Re: ACTION-412, Naming R/Y/G from Rob van Eijk on 2013-06-24 (public-tracking@w3.org from June 2013)

From: Rob van Eijk <rob@blaeu.com>
Date: Mon, 24 Jun 2013 12:09:41 +0200
To: Dan Auerbach <dan@eff.org>, public-tracking@w3.org
Message-ID: <97f1bcb1-6f84-41b4-8efd-216c43576eff@email.android.com>
Dear Peter, Dan, Shane,


* On the naming of the end-state:
For me the Y is not the end-state and should therefore not be named de-identified. In a 3 state model, the G is the de-identified end-state. In a 2 state model, de-identified is the second state.

* On the definition of de-identified:
I support the more open definition of de-identifed of Dan/Lee.: Data can be considered de-identified if it has been deleted, modified, aggregated, anonymized or otherwise manipulated in order to achieve a reasonable level of justified confidence that the data cannot reasonably be used to infer information about, or otherwise be linked to, a particular user, user agent, or device. 
The definition draws a clear line in the sand with regards to the quality of the data in the end state of a data scrubbing process. This mail is written with this definition in mind.

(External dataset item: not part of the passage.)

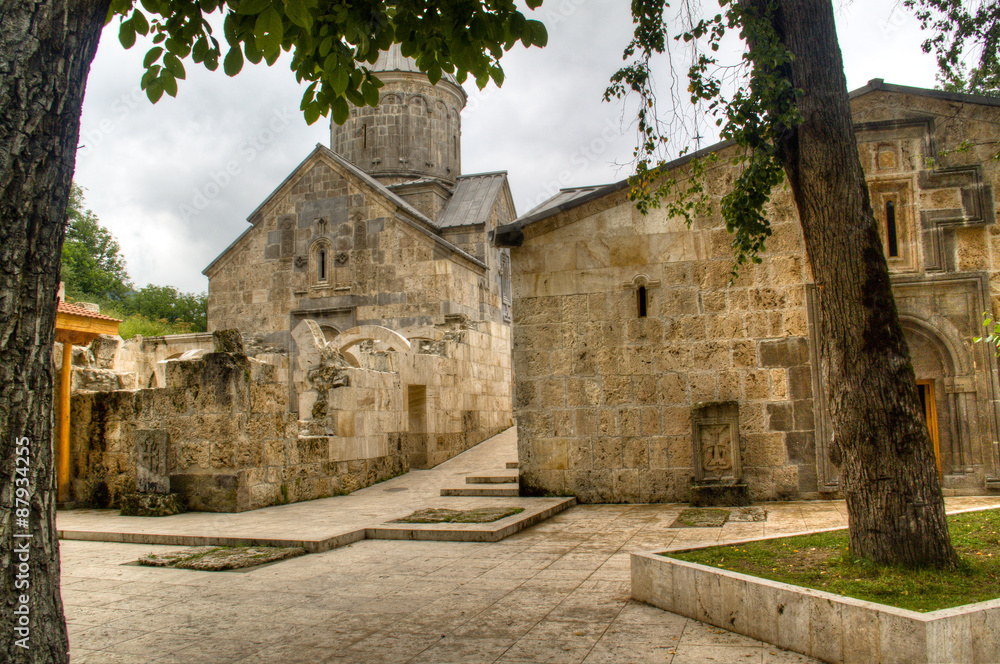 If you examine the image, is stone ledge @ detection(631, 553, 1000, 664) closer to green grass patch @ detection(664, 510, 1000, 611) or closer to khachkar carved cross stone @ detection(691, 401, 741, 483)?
green grass patch @ detection(664, 510, 1000, 611)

* Non-normative remark 3, June draft change proposal de-identification:
If data is de-identified, is can be shared with other parties regardless of the DNT expression, but with one condition: the obligation to regularly assess and manage the risk of re-identification. This is addressed by Dan in the non-normative remark 3

* Text proposal for remark 4:
<text>
Data is fully de-identified when any party, including the party performing de-identification with knowledge of i.e. the hashing algorithm and salt.
</text>

* On the issue of a 2 or 3 state approach:
The issue at hand is to add permitted used to the states. This has not been identified yet in the change proposal. I share the view of Dan, that hashing a hash is a null. But there are many elements in raw data that are not hashed, even elements that may be derived from the protocol. Having an intermediary step has it's merit in my view, since scrubbing the data reduces the risk of data disclosure in case of e.g. a data breach. Scrubbing data into an intermediary format addresses a reasonable level of protection. 
Another reason is that having a 3 state approach allows for mapping permitted uses to either the RAW state or the intermediary state.  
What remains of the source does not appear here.